**YOUR GOAL:**
Within the material below, locate the line with "Brakula Reed Diffuser" and the line with "sales funnel conversion rate by industry", then return those two lines and all lines between them, exactly as written.

**TASK DATA:**
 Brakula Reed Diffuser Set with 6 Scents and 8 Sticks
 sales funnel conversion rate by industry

---

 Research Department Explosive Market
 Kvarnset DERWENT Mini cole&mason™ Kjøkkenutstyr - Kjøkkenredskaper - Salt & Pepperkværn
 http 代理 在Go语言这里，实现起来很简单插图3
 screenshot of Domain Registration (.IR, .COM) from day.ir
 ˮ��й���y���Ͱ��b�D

**YOUR SOLUTION:**
 Brakula Reed Diffuser Set with 6 Scents and 8 Sticks
 sales funnel conversion rate by industry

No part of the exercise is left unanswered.